"""

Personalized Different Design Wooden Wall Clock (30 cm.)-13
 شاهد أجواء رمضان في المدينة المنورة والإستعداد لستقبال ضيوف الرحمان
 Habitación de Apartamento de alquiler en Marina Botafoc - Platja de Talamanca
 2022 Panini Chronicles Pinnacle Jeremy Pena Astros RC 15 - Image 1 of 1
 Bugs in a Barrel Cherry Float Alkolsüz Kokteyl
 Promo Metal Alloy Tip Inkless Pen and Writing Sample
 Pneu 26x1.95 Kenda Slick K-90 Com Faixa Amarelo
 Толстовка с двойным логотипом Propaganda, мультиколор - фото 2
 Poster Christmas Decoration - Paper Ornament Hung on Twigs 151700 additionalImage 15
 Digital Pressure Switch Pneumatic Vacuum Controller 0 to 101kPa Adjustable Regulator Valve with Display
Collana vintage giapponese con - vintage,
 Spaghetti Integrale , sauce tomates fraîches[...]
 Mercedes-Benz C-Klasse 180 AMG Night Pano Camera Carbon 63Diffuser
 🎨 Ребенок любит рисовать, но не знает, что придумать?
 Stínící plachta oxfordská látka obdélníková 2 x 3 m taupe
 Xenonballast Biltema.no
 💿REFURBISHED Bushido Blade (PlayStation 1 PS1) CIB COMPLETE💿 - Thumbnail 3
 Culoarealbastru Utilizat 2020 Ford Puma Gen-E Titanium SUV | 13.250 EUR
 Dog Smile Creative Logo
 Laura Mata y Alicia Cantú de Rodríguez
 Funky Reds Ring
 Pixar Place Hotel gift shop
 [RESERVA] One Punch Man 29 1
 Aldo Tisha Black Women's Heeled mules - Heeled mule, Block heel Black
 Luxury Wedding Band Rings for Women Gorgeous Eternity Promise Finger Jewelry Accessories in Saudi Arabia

"""

◆ **Exercise objective**: Each line of the entries that contains the word "Women" should be listed.

◆ **Result**:
 Aldo Tisha Black Women's Heeled mules - Heeled mule, Block heel Black
 Luxury Wedding Band Rings for Women Gorgeous Eternity Promise Finger Jewelry Accessories in Saudi Arabia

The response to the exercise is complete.